The Purchasing Managers’ Index has dropped again – to 53.0. This is certainly not the direction that anybody wants to see but the readings remain in positive territory (at least for now). The levels of capacity utilization are very close to what is considered ideal territory (between 80.0% and 85.0%). The latest edition of Armada’s Strategic Intelligence System shows only a slight decline from a peak set a few months ago. These are certainly not numbers that suggest a boom but neither are thet showing a collapse. The fundamental question is where will these numbers be in a month or a quarter.
There are any number of factors to consider and indicators to watch. At the top of the list of factors triggering the current surge in inflation would be the ongoing energy crisis and the continued supply chain mess. These have both played dominant roles as far as triggering inflation. Both could last for months and even years or they could be corrected in a matter of weeks – it is just that nobody has a sense of what will happen. Assuming that these issues are not resolved quickly what would a business watch to determine the potential for a real recession in 2023?
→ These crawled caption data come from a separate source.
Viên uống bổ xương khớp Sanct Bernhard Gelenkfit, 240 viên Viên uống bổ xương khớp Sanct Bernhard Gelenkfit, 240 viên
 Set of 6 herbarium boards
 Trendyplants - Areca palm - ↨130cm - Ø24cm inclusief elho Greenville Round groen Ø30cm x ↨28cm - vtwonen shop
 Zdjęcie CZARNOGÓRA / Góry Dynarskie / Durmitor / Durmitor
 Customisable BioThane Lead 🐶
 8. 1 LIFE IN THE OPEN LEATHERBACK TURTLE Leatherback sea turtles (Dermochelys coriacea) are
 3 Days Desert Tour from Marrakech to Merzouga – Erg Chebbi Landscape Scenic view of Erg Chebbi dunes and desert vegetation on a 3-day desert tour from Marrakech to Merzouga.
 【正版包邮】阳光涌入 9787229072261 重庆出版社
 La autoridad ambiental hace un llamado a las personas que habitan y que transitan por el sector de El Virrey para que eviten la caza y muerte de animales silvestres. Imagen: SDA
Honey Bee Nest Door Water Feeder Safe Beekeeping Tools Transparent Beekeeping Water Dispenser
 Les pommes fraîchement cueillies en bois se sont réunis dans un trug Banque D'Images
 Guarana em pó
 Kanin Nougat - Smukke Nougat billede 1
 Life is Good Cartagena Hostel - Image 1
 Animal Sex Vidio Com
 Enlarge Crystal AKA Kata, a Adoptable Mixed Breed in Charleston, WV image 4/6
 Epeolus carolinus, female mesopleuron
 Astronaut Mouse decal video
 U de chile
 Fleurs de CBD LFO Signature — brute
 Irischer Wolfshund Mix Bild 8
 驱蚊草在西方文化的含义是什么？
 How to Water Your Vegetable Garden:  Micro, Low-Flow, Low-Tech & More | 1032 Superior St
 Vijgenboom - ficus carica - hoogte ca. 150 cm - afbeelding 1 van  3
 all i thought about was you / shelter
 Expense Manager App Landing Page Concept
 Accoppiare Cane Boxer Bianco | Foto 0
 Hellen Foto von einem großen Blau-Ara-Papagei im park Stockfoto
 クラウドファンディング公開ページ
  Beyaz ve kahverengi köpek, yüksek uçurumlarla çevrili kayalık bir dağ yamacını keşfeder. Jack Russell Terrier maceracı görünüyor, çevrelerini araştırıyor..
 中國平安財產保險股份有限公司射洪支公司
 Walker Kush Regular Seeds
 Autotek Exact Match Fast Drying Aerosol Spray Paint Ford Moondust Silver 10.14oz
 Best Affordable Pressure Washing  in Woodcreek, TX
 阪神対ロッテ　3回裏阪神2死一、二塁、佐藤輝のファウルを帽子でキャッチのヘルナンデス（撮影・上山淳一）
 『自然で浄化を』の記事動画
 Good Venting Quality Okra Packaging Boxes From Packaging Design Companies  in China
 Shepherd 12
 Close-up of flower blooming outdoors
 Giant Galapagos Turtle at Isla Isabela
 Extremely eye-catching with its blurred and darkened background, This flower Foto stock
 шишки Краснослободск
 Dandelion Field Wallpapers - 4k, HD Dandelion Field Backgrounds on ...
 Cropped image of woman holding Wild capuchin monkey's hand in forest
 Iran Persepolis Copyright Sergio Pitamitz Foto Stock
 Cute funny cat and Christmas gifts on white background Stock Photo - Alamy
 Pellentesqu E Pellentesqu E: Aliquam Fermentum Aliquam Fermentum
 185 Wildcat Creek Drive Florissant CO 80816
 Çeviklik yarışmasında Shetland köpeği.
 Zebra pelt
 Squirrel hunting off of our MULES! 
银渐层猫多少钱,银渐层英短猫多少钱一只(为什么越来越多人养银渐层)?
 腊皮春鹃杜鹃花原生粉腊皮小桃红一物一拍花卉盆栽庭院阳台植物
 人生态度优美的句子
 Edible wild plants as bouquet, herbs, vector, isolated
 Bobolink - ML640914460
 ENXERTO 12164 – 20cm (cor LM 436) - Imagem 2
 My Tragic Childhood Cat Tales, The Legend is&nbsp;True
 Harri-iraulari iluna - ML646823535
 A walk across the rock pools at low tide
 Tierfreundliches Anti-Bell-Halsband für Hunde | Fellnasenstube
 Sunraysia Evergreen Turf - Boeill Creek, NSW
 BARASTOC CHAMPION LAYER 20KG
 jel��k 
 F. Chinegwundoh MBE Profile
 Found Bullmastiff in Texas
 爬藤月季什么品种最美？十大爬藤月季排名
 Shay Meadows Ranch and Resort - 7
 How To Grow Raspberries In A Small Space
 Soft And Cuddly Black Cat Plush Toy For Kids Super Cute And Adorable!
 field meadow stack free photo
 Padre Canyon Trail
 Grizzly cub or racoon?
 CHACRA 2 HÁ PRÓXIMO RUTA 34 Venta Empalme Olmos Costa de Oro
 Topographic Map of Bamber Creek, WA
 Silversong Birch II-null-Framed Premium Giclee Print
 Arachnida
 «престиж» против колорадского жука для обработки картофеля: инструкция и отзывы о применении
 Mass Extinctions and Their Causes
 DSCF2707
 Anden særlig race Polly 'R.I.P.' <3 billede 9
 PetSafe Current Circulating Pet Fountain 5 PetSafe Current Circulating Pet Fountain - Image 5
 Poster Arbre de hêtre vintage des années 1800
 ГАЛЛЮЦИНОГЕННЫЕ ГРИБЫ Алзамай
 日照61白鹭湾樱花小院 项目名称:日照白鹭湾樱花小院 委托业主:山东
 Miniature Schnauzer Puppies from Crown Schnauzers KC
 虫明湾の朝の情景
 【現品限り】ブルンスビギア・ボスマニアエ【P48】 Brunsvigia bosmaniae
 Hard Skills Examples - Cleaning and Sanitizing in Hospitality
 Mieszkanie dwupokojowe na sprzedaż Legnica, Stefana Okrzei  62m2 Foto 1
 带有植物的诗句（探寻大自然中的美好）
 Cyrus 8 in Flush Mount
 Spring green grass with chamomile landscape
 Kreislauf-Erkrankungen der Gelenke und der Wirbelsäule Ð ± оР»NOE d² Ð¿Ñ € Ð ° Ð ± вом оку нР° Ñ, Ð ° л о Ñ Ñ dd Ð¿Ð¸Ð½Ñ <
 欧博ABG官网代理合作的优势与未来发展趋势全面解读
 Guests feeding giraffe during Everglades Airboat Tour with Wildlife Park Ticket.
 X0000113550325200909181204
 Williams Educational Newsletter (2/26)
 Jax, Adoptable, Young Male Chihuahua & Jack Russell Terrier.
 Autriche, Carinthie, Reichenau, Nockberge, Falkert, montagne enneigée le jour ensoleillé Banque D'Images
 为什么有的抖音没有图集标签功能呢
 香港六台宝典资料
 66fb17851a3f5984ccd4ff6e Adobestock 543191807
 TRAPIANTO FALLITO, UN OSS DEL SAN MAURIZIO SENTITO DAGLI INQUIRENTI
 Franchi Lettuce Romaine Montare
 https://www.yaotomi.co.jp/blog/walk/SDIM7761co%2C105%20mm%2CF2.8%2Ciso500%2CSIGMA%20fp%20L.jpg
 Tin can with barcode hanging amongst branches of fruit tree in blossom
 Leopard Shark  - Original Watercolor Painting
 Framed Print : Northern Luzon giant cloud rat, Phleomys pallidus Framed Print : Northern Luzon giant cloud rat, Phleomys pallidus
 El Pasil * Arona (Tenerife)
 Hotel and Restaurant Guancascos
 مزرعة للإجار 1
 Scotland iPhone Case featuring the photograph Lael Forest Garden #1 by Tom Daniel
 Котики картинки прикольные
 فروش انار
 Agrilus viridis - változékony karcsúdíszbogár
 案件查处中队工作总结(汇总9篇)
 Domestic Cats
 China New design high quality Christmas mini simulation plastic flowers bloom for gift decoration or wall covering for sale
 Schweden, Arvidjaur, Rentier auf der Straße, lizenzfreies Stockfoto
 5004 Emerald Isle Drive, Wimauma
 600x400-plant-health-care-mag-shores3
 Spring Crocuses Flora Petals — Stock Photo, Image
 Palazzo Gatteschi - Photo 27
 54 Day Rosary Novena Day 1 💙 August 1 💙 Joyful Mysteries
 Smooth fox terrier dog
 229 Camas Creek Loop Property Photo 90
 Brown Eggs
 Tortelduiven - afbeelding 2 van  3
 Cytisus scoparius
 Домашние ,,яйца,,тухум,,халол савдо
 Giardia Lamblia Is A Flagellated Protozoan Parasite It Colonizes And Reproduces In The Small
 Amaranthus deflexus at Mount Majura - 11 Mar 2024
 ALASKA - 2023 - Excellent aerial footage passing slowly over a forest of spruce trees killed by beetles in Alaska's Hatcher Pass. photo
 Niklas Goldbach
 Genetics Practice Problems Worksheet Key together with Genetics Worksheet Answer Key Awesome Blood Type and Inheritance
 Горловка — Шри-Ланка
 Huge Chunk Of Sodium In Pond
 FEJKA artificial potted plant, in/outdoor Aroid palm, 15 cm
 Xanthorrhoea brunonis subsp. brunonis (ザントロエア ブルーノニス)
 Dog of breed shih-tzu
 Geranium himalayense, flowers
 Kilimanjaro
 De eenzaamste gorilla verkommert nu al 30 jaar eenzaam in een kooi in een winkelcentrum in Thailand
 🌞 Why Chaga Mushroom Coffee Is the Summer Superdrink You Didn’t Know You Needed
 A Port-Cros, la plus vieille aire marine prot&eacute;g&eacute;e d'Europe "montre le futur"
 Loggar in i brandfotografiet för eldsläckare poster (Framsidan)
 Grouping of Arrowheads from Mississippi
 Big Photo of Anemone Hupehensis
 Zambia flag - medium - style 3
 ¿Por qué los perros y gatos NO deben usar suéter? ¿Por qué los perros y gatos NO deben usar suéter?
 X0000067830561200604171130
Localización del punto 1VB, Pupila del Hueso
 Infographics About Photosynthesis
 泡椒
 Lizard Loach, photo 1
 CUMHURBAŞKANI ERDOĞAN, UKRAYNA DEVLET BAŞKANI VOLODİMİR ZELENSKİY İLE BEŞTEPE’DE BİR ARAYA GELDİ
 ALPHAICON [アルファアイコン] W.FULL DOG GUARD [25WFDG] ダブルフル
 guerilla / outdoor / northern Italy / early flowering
The first issue is interest rates. Will the Fed (and other central banks around the world) keep hiking rates to contend with inflation even as they note that most of the cause of these price hikes have little to do with monetary policy? If rates stay somewhere around 2.5% to 3.5% by year’s end the damage to the economy will be reduced. The second issue is consumer confidence. These surveys are notoriously unreliable but they do reflect the immediate mood of the consumer. If the stress of inflation leads people to start worrying about recession enough to curtail their spending the downturn stands to worsen. At the moment the consumer is at the “complain but keep spending” stage as retail numbers are still up and even summer travel has not been affected dramatically. The third issue is employment. Price hikes will worry the consumer but job losses will cause panic. The rate of unemployment has remained very low and there have been no signs yet of mass layoffs. This may be the only silver lining to the chronic labor shortage – business is very reluctant to fire anybody as they have no idea whjere they would find replacement workers when they needed them. Given the record number of quits that have been recorded by the JOLTS report (Job Opportunity and Labor Turnover Survey) there is still considerable optimism within the workforce – people are of the opinion they can easily find a new job at any time they desire. If there is a sharper hike in rates than anticipated, if consumer confidence crashes at the same time that retail spending fades and people start to worry about job security the ingredients for a recession are present.